**Task goal**:
Everything from the line with "Затвор дисковый поворотный" down to the line with "Detailed size guide" below must be printed exactly, those two lines included. Exclude pictures.

*** Input data ***

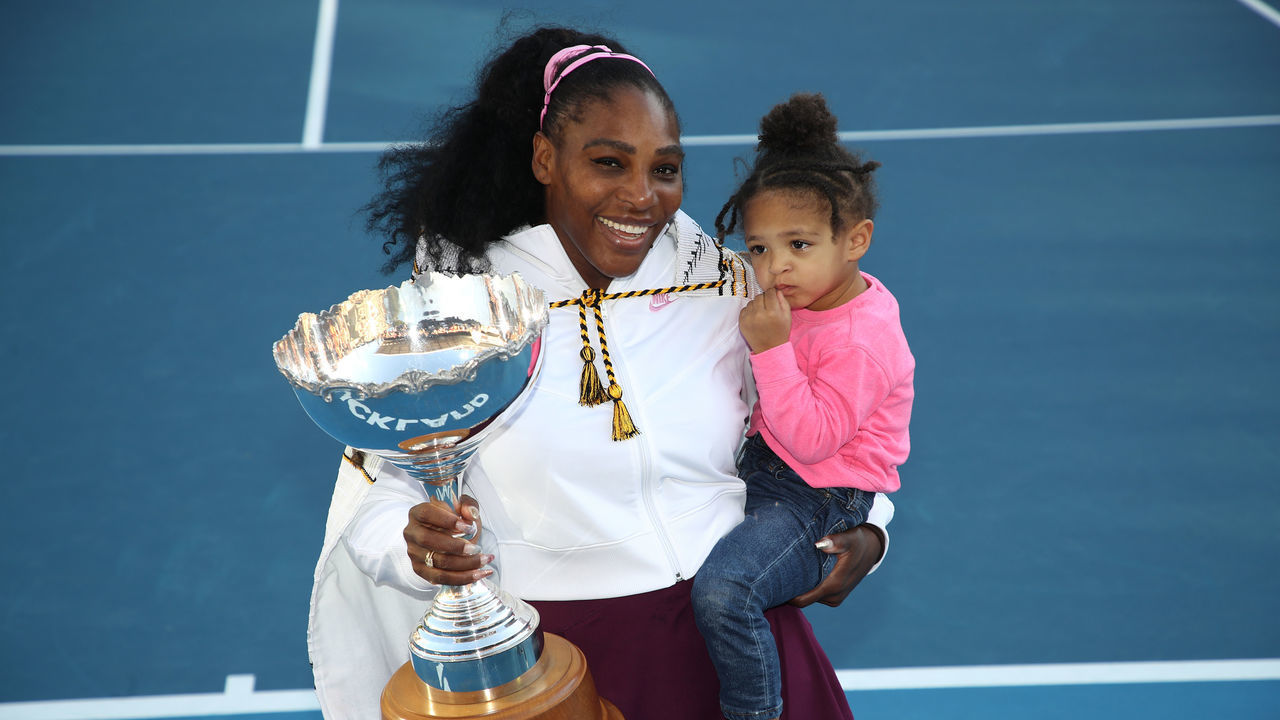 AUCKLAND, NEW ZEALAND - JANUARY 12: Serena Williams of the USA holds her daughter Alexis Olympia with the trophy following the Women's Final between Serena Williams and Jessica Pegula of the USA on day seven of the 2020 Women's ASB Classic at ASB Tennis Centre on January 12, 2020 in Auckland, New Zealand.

*** End of Input data ***
*** Input data ***

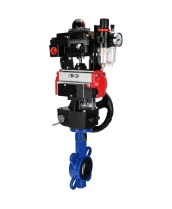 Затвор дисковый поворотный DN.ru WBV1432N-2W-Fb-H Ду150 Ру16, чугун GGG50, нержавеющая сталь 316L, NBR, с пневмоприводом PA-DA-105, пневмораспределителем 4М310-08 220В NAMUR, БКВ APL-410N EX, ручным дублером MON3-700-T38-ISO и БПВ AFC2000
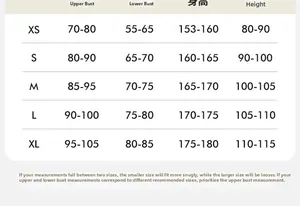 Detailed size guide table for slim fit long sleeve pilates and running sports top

*** End of Input data ***

**Task answer**:
 Затвор дисковый поворотный DN.ru WBV1432N-2W-Fb-H Ду150 Ру16, чугун GGG50, нержавеющая сталь 316L, NBR, с пневмоприводом PA-DA-105, пневмораспределителем 4М310-08 220В NAMUR, БКВ APL-410N EX, ручным дублером MON3-700-T38-ISO и БПВ AFC2000
 Detailed size guide table for slim fit long sleeve pilates and running sports top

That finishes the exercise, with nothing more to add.